The wine is a blend of 80% nebbiolo, 10% Barbera, and 10% cabernet franc from a producer in the Barbaresco area of the Piedmonte. Initially all I could taste was the Barbera and its sharp acidity, but as the wine breathed the silkiness of the Nebbiolo came through. There was just a bit of a darker cherry fruit that had to have been the Cabernet Franc. The Nebbiolo tannin was there at first, but settled down after some breathing.
One cup used for cooking, a small glass tasted immediately and then two glasses consumed six hours later. The bottle was vacuum closed after the initial opening, then decanted about an hour before dinner. It was a much different wine with the meal than it was earlier, and a much better wine. At $15 it was money well spent.
The recipe was braised short ribs from an article (and video) by Mark Bittman in the New York Times. The short ribs were browned thoroughly and then braised in a cup of red wine and a cup of black coffee, with one chipotle pepper and one dried ancho pepper thrown in with some onions and garlic. It's not a combination I had ever seen before and since all the ingredients were on hand and the weather was cold it made for a great Sunday experiment.

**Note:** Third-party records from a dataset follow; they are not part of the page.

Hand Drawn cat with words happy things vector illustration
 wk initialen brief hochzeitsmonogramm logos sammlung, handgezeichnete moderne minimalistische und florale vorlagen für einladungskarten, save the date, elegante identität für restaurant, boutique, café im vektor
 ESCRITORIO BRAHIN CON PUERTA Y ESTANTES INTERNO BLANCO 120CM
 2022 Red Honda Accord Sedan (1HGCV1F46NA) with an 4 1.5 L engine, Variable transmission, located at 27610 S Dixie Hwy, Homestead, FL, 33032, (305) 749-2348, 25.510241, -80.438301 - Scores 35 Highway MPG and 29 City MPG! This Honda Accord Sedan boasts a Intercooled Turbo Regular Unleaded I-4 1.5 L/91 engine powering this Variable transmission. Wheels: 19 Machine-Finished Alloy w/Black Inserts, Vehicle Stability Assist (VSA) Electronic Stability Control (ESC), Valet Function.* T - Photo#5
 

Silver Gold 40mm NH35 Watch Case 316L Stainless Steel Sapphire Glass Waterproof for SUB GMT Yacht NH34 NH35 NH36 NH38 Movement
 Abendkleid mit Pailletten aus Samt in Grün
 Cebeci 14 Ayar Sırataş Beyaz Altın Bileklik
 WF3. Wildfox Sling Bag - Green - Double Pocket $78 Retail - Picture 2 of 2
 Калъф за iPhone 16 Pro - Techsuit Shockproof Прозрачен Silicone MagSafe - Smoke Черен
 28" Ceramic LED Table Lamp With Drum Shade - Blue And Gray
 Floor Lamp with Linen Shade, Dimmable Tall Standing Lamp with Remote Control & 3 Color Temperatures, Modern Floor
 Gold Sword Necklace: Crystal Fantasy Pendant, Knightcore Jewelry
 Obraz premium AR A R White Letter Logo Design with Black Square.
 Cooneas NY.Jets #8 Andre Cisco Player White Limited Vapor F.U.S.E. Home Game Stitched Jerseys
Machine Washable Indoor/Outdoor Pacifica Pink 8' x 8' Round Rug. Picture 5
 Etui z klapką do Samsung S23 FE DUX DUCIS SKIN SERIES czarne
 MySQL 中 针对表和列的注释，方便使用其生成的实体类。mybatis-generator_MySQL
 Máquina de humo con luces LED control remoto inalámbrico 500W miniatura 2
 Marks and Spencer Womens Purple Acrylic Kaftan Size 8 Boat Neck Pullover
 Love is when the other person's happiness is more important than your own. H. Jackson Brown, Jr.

With some buttered tagliatelle it also made for a great Sunday evening meal. It's a recipe worth keeping. I put some of the pepper seeds in with the braising liquid so there was just a small amount of "kick" in the finishing taste of the ribs. It wasn't enough spice to make the mouth burn, but it was enough for a warm finish. The remainder was finished this evening and like most braises, it was equally as good two later, if not even better.